Brief:
Ignoring pictures, transcribe exactly the lines between the one containing "[33] First post here :D" and the end of the material, both included.

Data block:
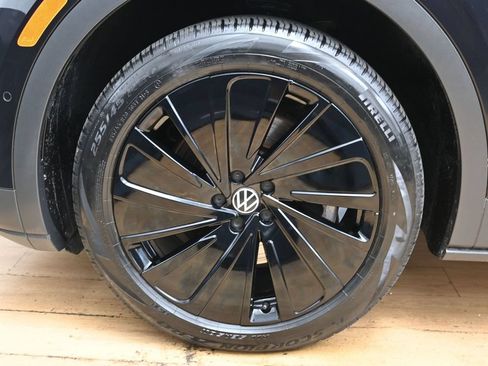 Used 2025 Volkswagen ID.4 Pro AWD/4WD image 11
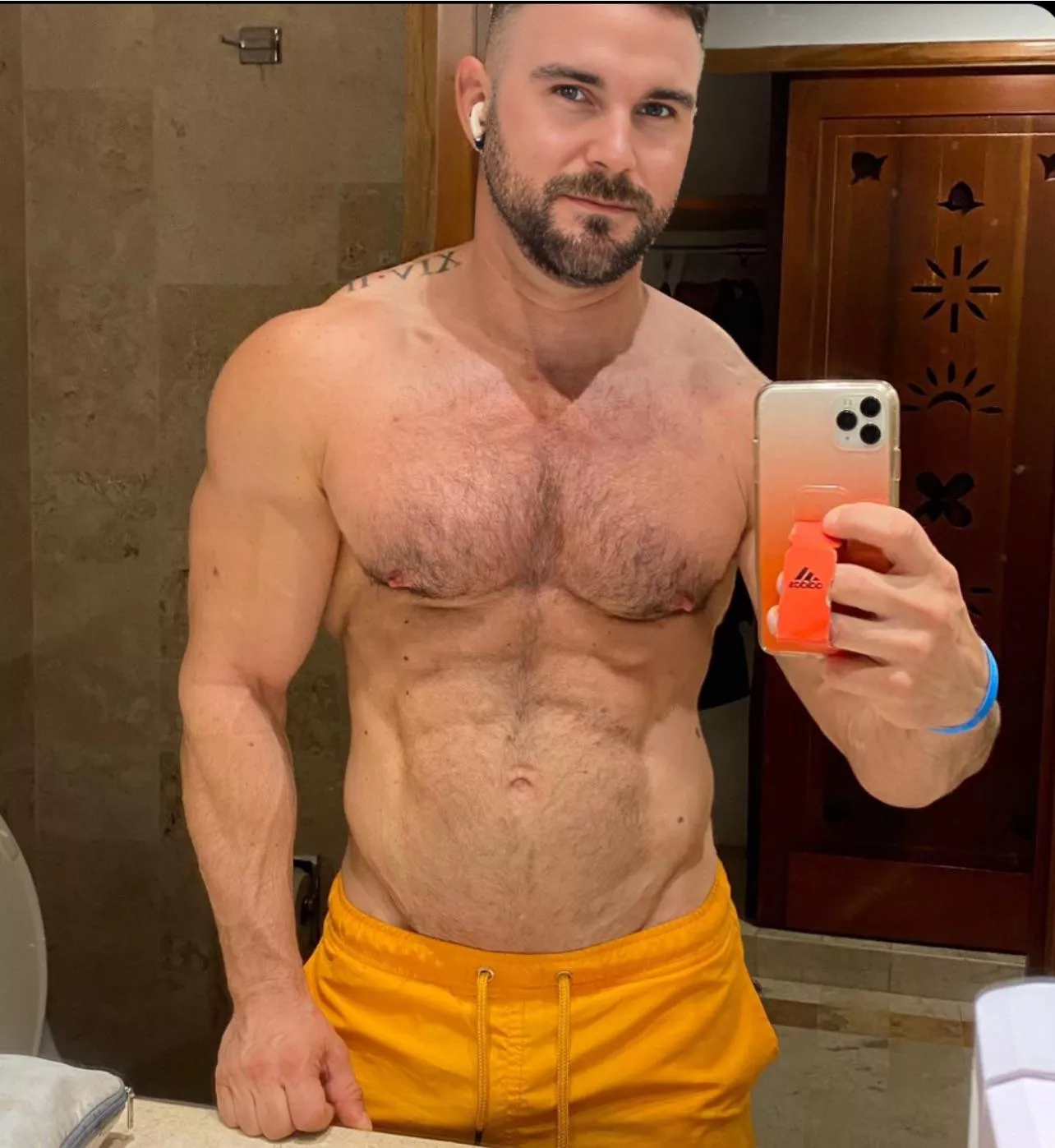 [33] First post here :D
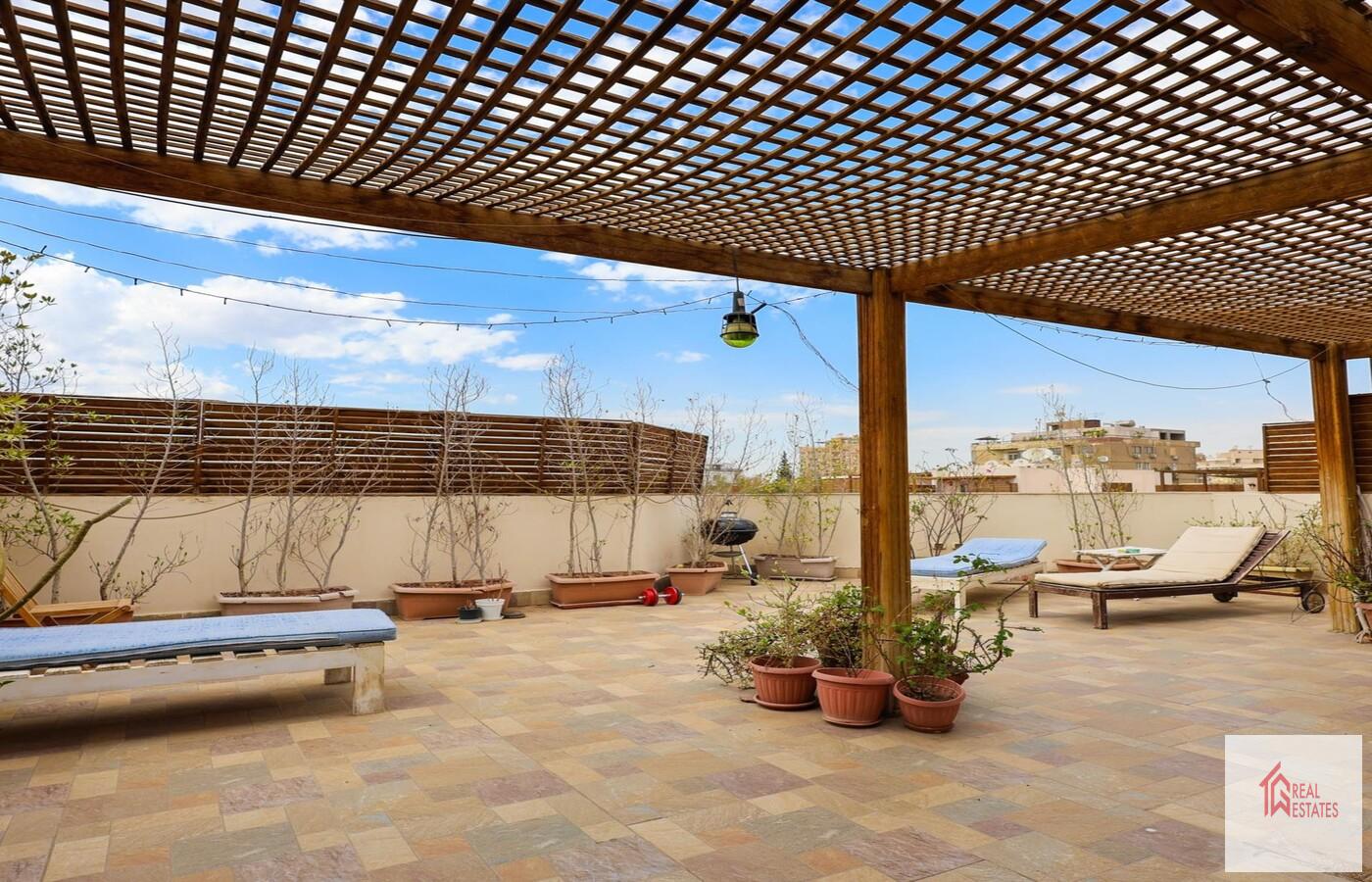 Increíble dúplex en la azotea con piscina compartida en alquiler en Sarayat maadi - El Cairo - Egipto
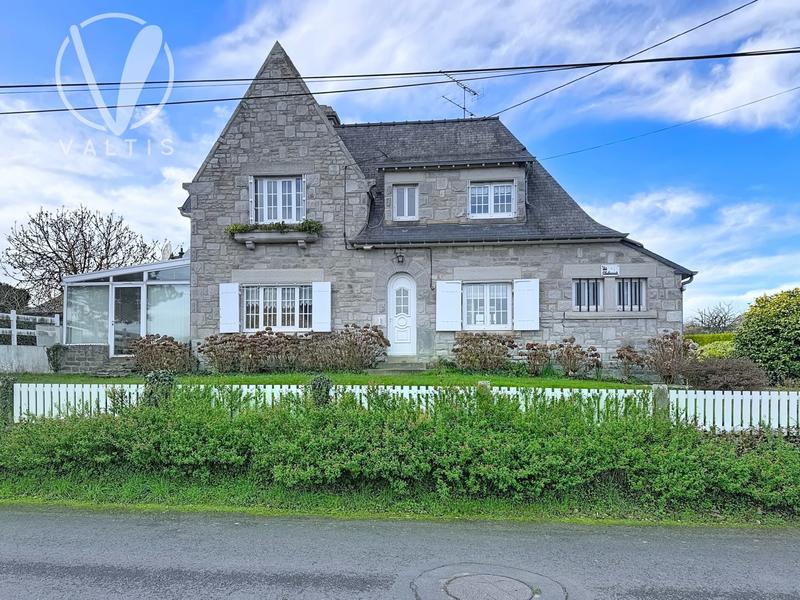 Maison ancienne - 114 m² - 6 pièces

The completed task:
 [33] First post here :D
 Increíble dúplex en la azotea con piscina compartida en alquiler en Sarayat maadi - El Cairo - Egipto
 Maison ancienne - 114 m² - 6 pièces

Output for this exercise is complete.